Given records:
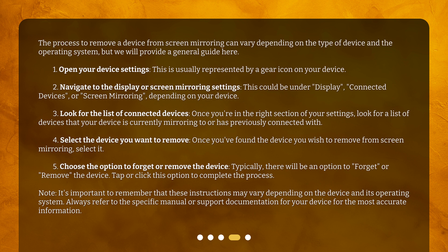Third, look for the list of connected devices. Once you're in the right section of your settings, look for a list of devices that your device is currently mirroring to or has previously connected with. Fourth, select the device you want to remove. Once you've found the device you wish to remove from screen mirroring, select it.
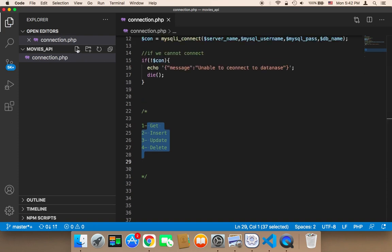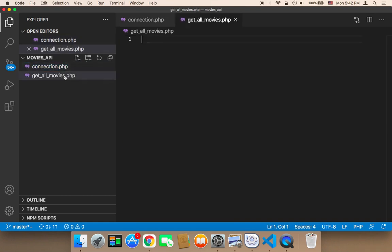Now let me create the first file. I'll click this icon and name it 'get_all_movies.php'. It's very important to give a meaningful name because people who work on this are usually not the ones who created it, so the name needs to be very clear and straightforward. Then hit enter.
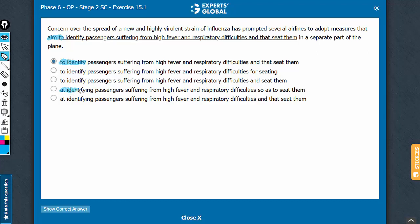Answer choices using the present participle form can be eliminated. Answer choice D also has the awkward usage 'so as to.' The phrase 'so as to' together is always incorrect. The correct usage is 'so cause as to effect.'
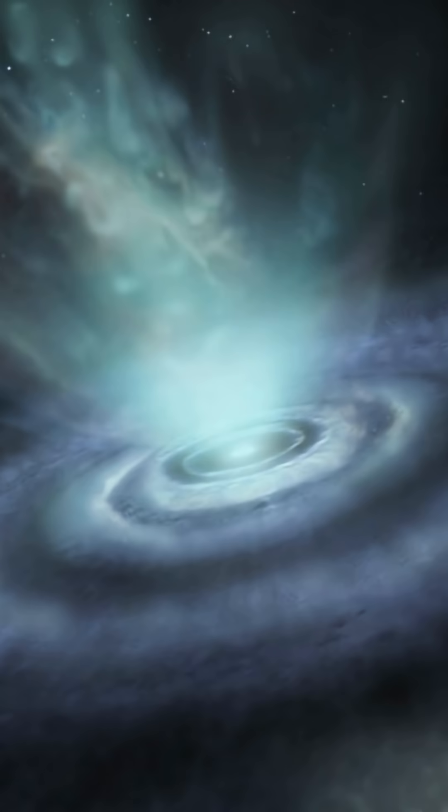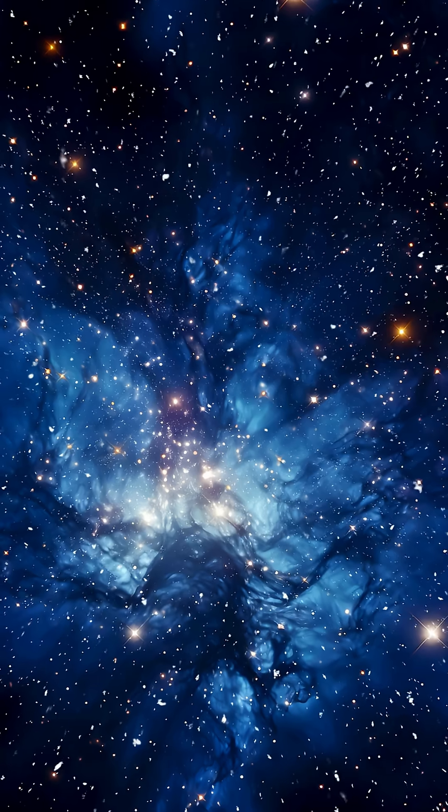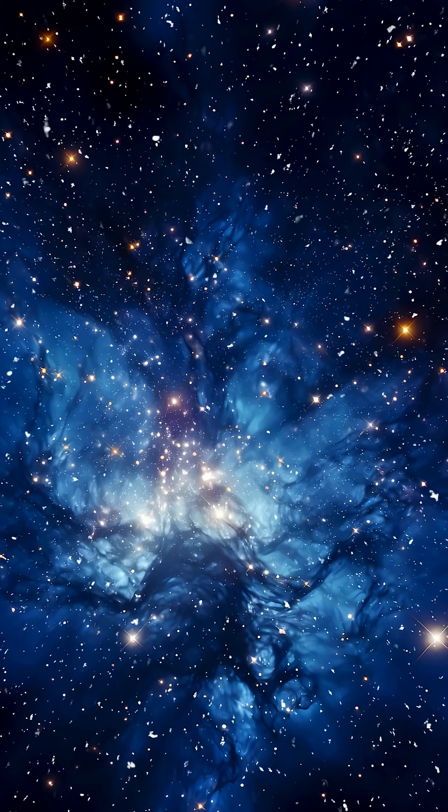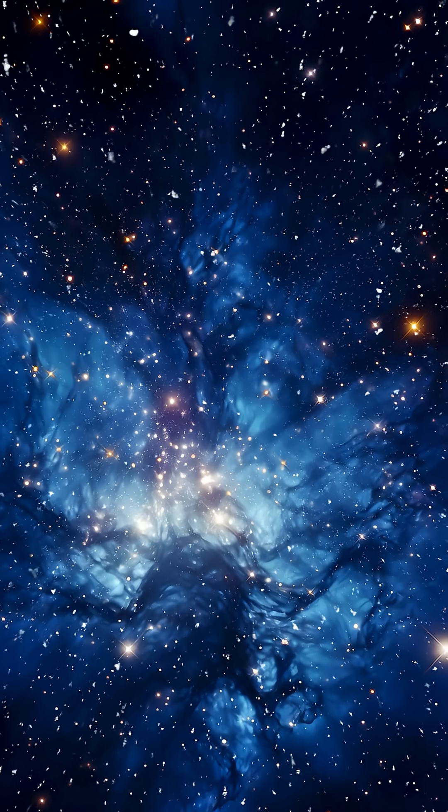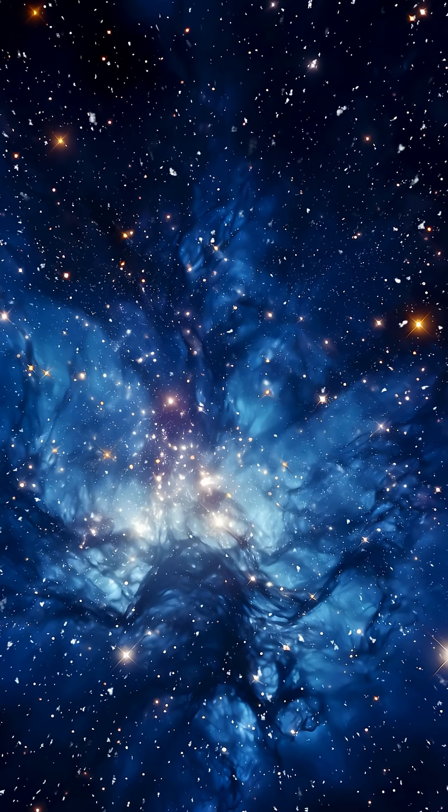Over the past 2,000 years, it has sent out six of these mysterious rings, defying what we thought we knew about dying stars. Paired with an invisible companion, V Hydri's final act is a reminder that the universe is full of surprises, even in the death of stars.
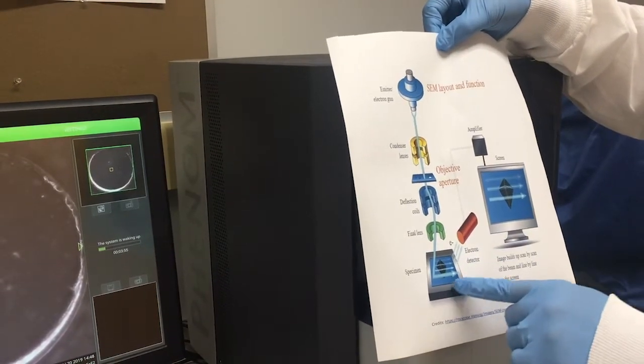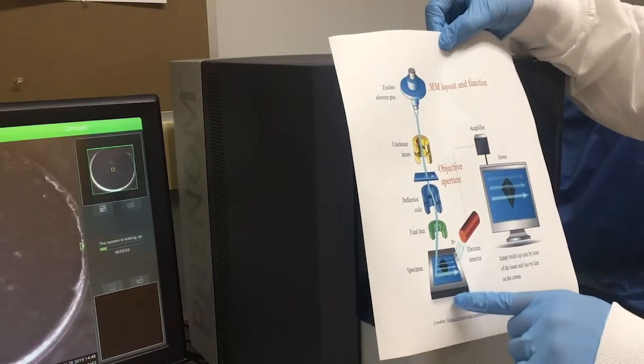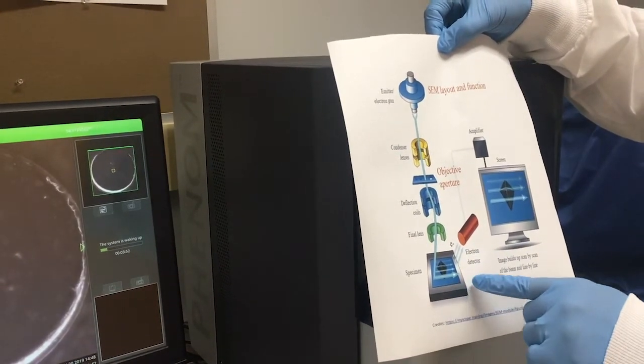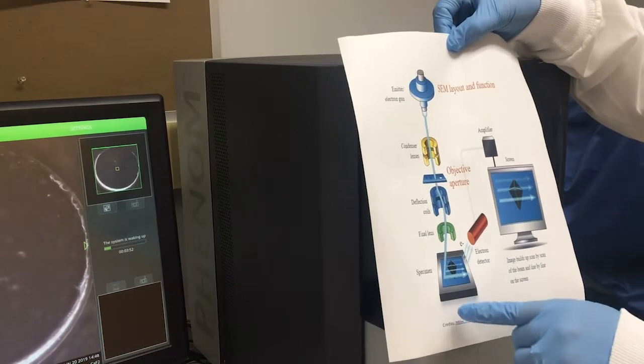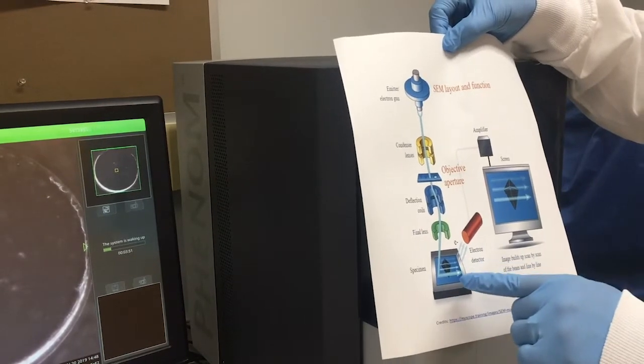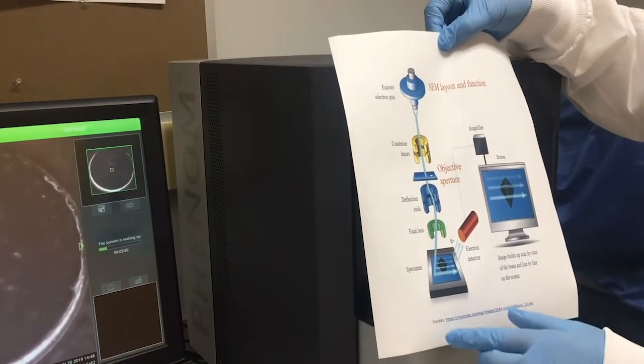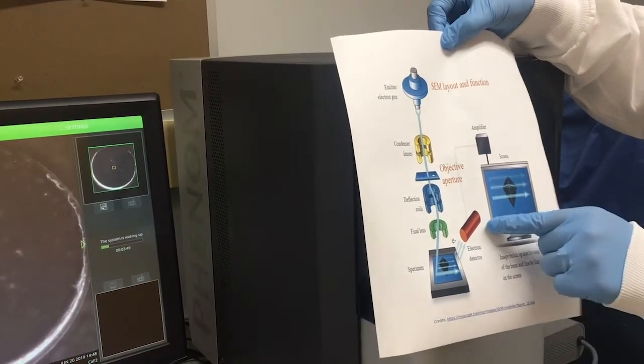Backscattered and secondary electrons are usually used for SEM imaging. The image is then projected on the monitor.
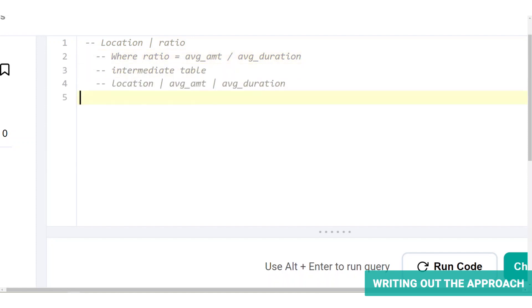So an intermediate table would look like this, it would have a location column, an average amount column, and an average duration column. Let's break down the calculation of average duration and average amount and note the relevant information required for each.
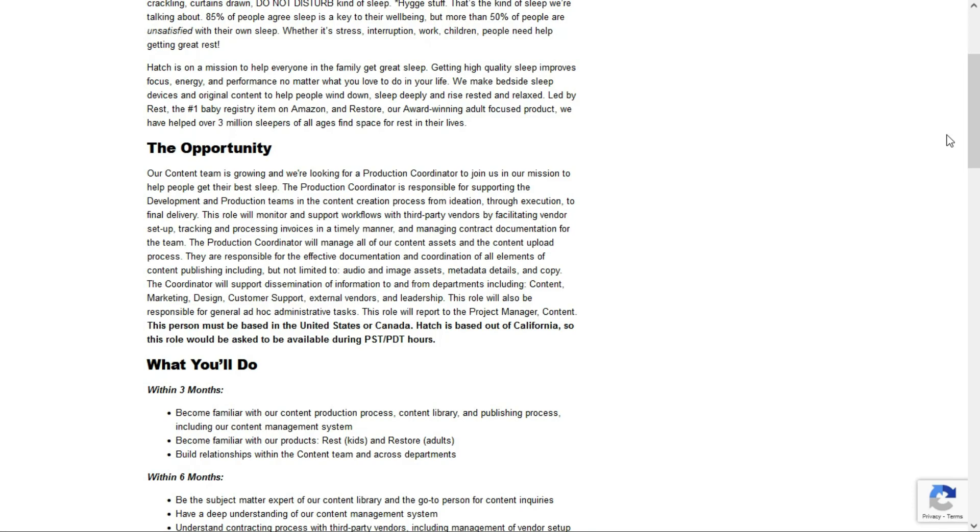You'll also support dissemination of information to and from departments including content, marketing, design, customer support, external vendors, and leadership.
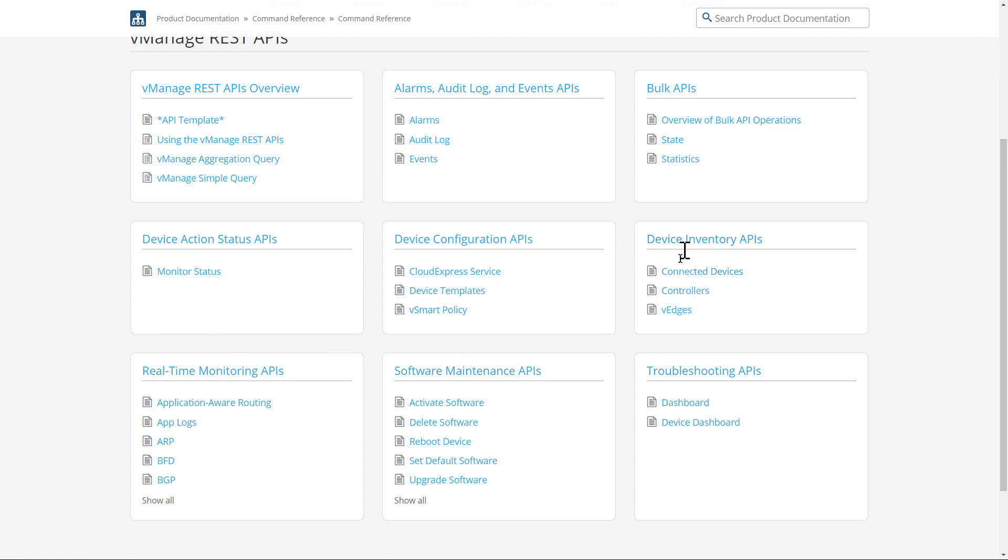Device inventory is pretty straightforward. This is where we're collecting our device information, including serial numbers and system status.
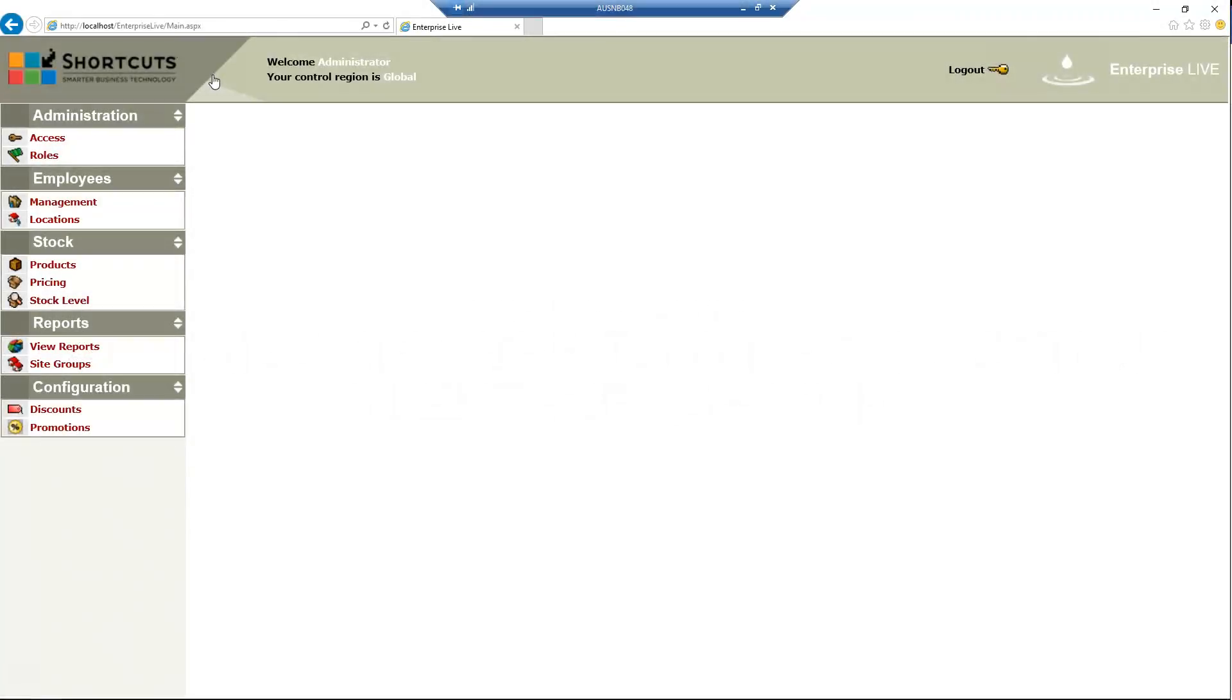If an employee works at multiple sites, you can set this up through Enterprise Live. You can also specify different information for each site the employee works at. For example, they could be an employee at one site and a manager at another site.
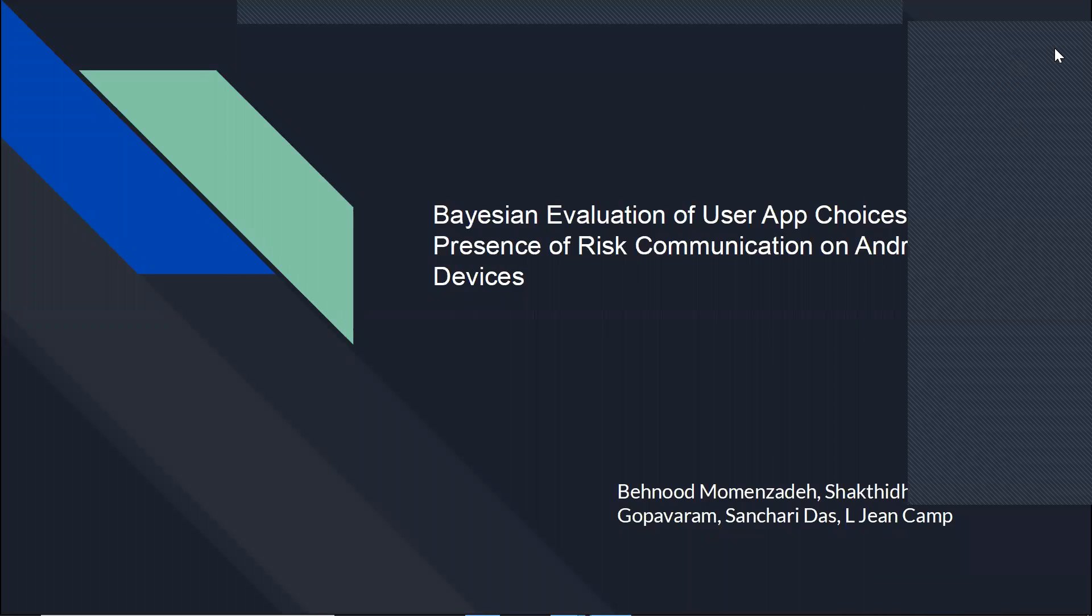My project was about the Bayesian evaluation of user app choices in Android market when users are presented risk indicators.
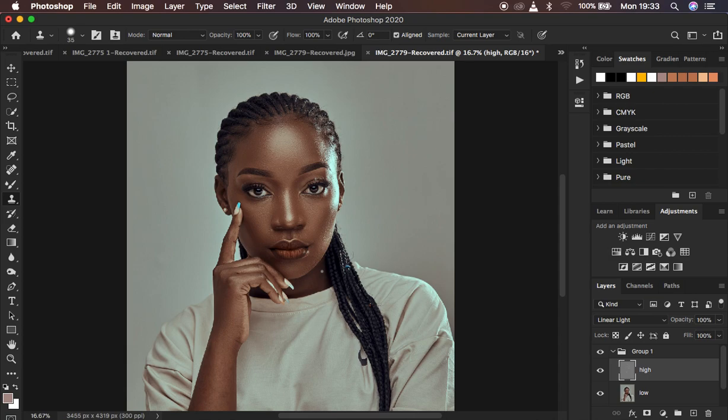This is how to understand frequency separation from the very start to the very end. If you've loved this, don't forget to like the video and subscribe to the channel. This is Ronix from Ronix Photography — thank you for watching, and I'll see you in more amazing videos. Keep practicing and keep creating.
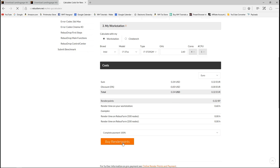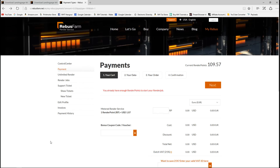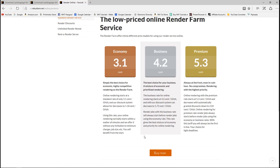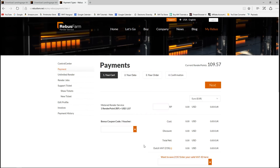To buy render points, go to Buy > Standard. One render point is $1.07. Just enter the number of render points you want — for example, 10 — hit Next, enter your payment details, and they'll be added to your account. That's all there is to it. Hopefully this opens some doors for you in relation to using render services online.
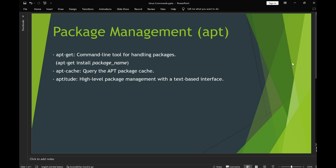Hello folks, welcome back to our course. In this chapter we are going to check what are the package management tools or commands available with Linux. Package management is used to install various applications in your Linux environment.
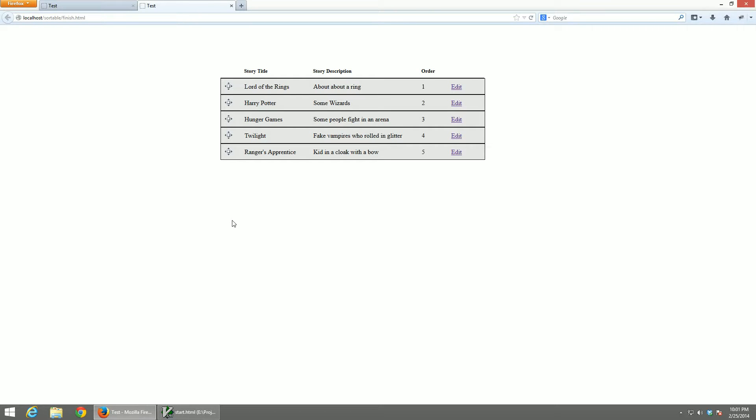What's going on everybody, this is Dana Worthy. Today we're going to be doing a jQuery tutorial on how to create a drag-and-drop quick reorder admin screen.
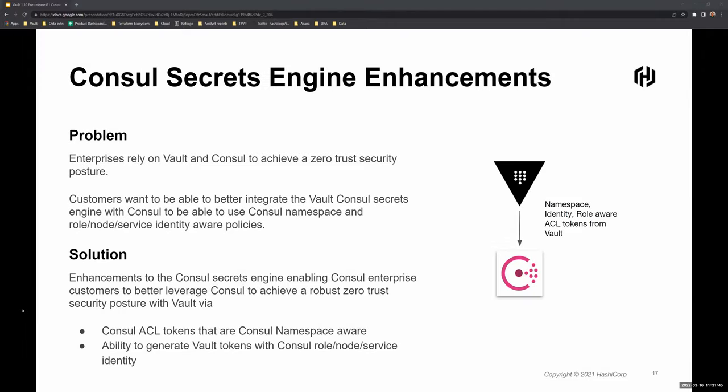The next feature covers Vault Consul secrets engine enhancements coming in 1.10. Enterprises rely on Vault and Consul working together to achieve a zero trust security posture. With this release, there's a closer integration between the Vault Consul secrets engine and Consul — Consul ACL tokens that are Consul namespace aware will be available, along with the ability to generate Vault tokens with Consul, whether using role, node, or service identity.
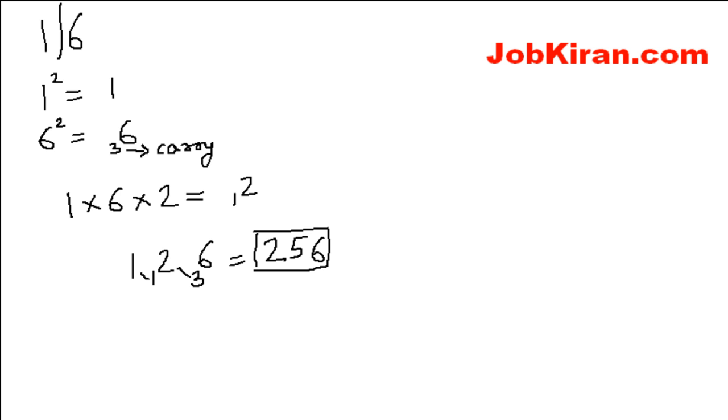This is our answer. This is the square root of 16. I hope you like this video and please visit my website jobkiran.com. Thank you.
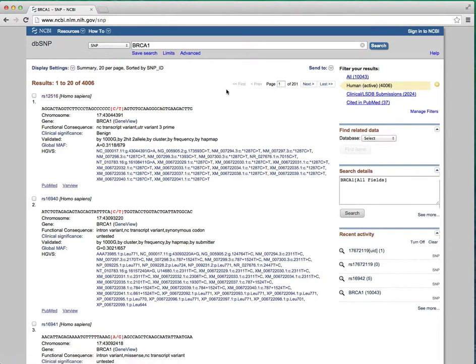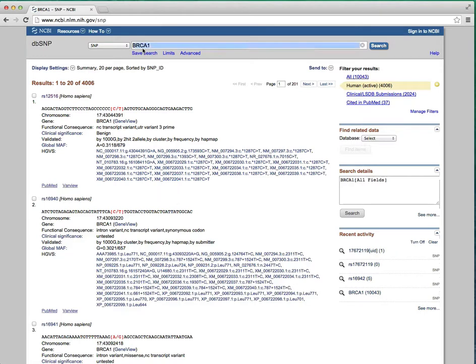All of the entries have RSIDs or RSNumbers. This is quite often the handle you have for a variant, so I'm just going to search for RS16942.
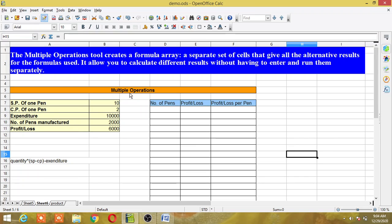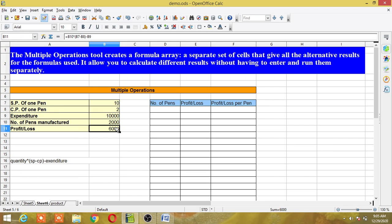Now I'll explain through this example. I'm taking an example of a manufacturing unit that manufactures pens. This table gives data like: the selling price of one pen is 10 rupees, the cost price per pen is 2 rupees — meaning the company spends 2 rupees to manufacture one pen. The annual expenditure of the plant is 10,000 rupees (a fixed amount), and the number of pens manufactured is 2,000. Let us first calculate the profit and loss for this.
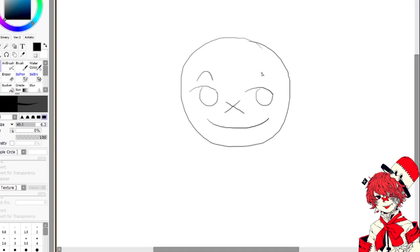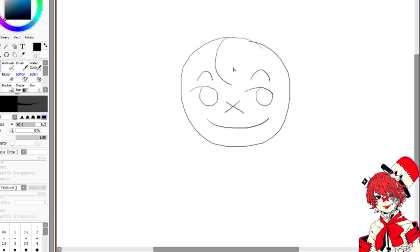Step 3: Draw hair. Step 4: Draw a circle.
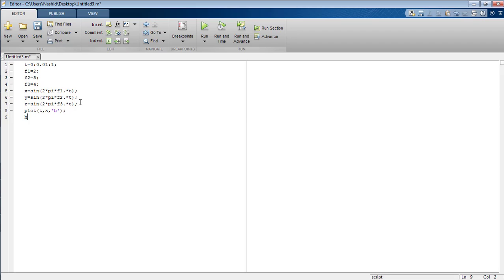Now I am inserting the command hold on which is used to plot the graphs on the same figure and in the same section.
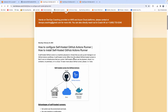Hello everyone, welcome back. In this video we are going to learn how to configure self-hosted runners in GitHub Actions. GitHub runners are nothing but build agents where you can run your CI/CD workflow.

Work request: Quote exactly, and only, the lines from the line containing "Now I am inserting" through the final line of the records above, both included, omitting any pictures.

Reply:
Now I am inserting the command hold on which is used to plot the graphs on the same figure and in the same section.
Hello everyone, welcome back. In this video we are going to learn how to configure self-hosted runners in GitHub Actions. GitHub runners are nothing but build agents where you can run your CI/CD workflow.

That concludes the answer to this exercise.